5

My COM server implemented in Visual C++ uses a ton of other C++ code. That other C++ code sometimes wraps code in __try-__except and translates structured exceptions into custom C++ exceptions. This part I cannot change.

No method of my COM server should let those exceptions propagate through the COM boundary so it has to catch and translate them into HRESULTs. Those custom C++ exceptions contain the original error code which was obtained during translation - it's something like EXCEPTION_ACCESS_VIOLATION. The question is how I craft an appropriate HRESULT value so that the client has as much information as possible as to what happened (and perhaps decide to restart the server (and itself in case of inproc) after seeing an access violation).

Suppose it was EXCEPTION_ACCESS_VIOLATION which is defined in WinBase.h

#define EXCEPTION_ACCESS_VIOLATION STATUS_ACCESS_VIOLATION

and the latter is defined in WinNT.h

#define STATUS_ACCESS_VIOLATION ((DWORD)0xC0000005L)

I could use HRESULT_FROM_WIN32() to translate that code into HRESULT assuming that it was a Win32 error in the first place.

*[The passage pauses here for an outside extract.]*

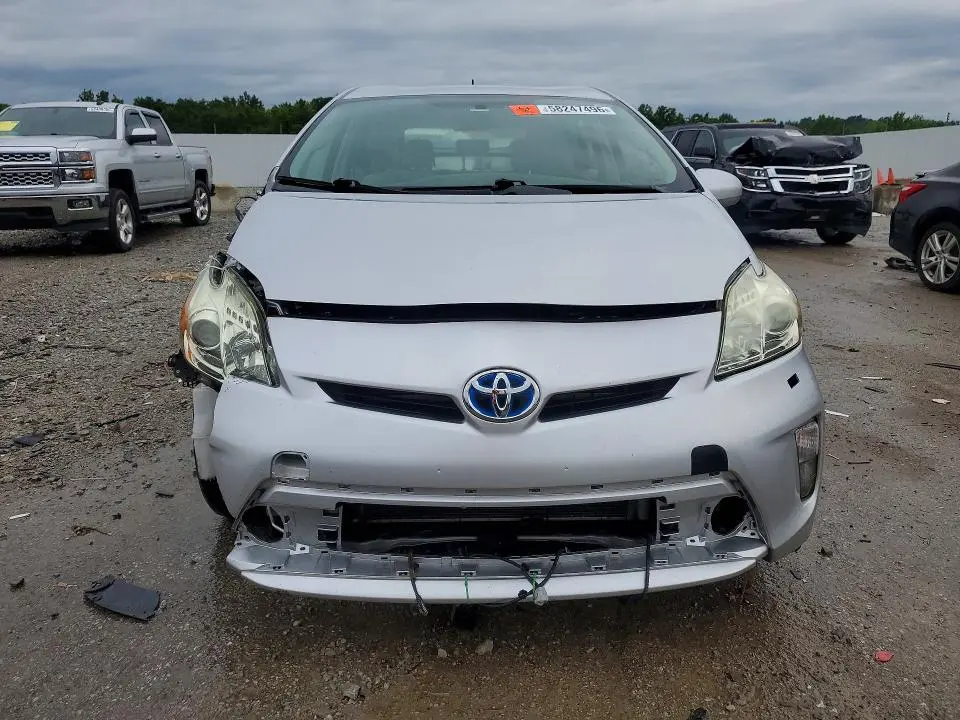 2013 TOYOTA PRIUS TWO  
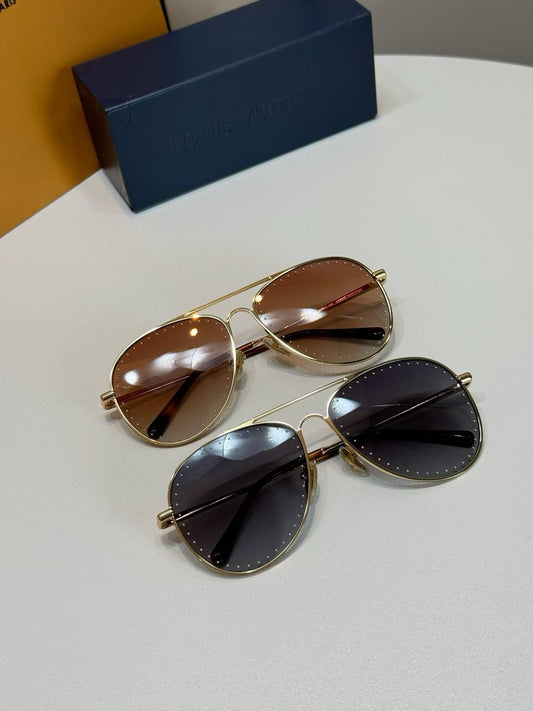 Aviator style sunglasses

Do I use HRESULT_FROM_WIN32() here or do I use any other way to do the translation?

sharptooth
  • 167,383
  • 100
  • 513
  • 979
  • Maybe using ``IErrorInfo`` infrastructure can come in handy here. ``_com_error`` holds a pointer to it. On the callee side, I think I remember there was something like SetErrorInfo ... I used ATL back then... *cough* Was it 10 years ago? – BitTickler Apr 23 '15 at 11:31
  • @user2225104 Even with `IErrorInfo` I'm responsible for crafting an `HRESULT` value. – sharptooth Apr 23 '15 at 11:39
  • 0xC0000005 is already a valid HRESULT code that indicates failure, no reason to change it. Don't hide something this nasty. – Hans Passant Apr 23 '15 at 11:58
  • @HansPassant I checked - `HRESULT_FROM_WIN32()` converts `0xC0000005` into itself. I guess this means we can just use it everywhere and get "proper" values. – sharptooth Apr 23 '15 at 12:01
  • Wouldn't `HRESULT_FROM_NT()` be more appropriate for this value? Assuming that exception code == NT status code, anyway... – andlabs Apr 23 '15 at 12:11
  • I know it is a matter of taste, but... usually callers used the pattern ``if( FAILED(hr) ) { // error handling code }``. Whether that error handling code now is hand written with a switch - case statement, looking for specific HRESULT values or if they use ``GetErrorInfo()`` and draw conclusions from that information is not really crucial, given that 99.9% of the time there is no specific handler code written - ever. ``AtlSetErrorInfo(...,E_FAIL,...)`` allows to diagnose/log the problem, without opening a maintenance nightmare. – BitTickler Apr 23 '15 at 12:19
  • @user2225104 Okay, you see that it `FAILED`. What do you do? Perhaps you throw an exception which bubbles up to some reasonable layer and that layer has to *do something*. That layer might easily want to treat different `HRESULT` differently. – sharptooth Apr 23 '15 at 12:25
  • @sharptooth Every extra error return code you add, you have to maintain, test, document, ... it becomes part of the function contract. And as that of the interface contract. The fun thing about interfaces is that they can have different implementations. To over-specify the "error contract" will bring more harm than good. ``AtlSetErrorInfo`` allows to give next to the HRESULT: a helpId, a helpFileId, a description string, ... which if used wisely is worth more than a (potentially) custom HRESULT value which cannot even be found in "error lookup" tool. – BitTickler Apr 23 '15 at 12:30
  • 2
    @sharptooth Or another way to explain my point: If you as the implementer of that function which calls that C++ code do not know how to handle that structured exception, it is even more likely that the caller does not know either. For all that matters he does not even know/care you do use that C++ code for your implementation. Those above that direct caller will care even less. As you move up the call tree, you should move up with error abstraction, too. Then, the only info they need on that higher level is "my feature/functionality failed and the reason is that COM object xy." – BitTickler Apr 23 '15 at 12:42

1 Answers1

4

You are supposed to return HRESULT code, where you choose appropriate code to indicate status of operation. It does not have to be a failure code, but you typically want to show something that satisfies FAILED(...) macro, e.g. E_FAIL, or DISP_E_EXCEPTION or HRESULT_FROM_WIN32(ERROR_UNHANDLED_EXCEPTION).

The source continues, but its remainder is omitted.